Still, the bulk of Exxon's earnings in the fourth quarter of 2021 came from upstream oil and gas operations. The corporation earned $8.9 billion in the fourth quarter of 2021 and $23 billion for the full year, reversing a $22.4 billion loss in 2020 on the strength of higher oil and natural gas prices.
Exxon said it will probably increase the $15 billion originally budgeted for low-carbon activities through 2027 by about $1 billion.
"We expect most investors anticipated" that Exxon would continue to slowly increase spending on low-carbon solutions, Truist Securities Inc. oil and gas analyst Neal Dingmann told clients before the call.
Investors pushed Exxon shares up 6.5% to $80.89 in heavy trading by midday after the supermajor announced plans to buy back $10 billion worth of stock over the next two years. The company said in its earnings release that it paid down $20 billion of debt in 2021 and captured $1.9 billion in structural savings, putting it on pace to cut expenses by more than $6 billion from 2019 levels by 2023.
Even with the reorganization, Exxon is still behind European peers such as BP PLC or Shell PLC, said Mike Coffin, the head of oil, gas and mining research at Carbon Tracker, in an interview.

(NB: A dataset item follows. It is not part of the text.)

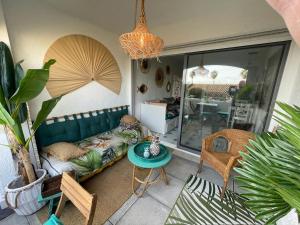 Studio with balcony in Antibes with AC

Carbon Tracker is a London-based think tank that examines the impact of the energy transition on financial markets.
"It's a step in the right direction, but there's a long way to go," Coffin said. "Ultimately, their core business is still very much oil and gas production. They're not like some of the European majors who acknowledge the oil and gas, production will fall this decade. I have yet to see that acknowledgment from Exxon."
Exxon said it expects to reach its 2025 goal of a 15% to 20% reduction in greenhouse gas intensity from its own operations four years ahead of schedule. It added a new goal for net-zero carbon emissions: Achieving this benchmark from its own operations in the Permian Basin shale oil play in Texas by 2030.
Exxon expects to make a final investment decision soon on carbon capture and storage projects in Wyoming and Rotterdam, Netherlands, Woods said. It has 14 companies participating in the development of a carbon capture hub in Houston that would remove 100 million tonnes of CO2 per year by 2040.
"We're very early in this process," Woods said. "I mean, this is a very dynamic space. If you think back a couple of years ago, hydrogen and carbon capture, and frankly even biofuels, were struggling to be in the mix in terms of potential solutions. I think people recognize the importance they're going to play going forward."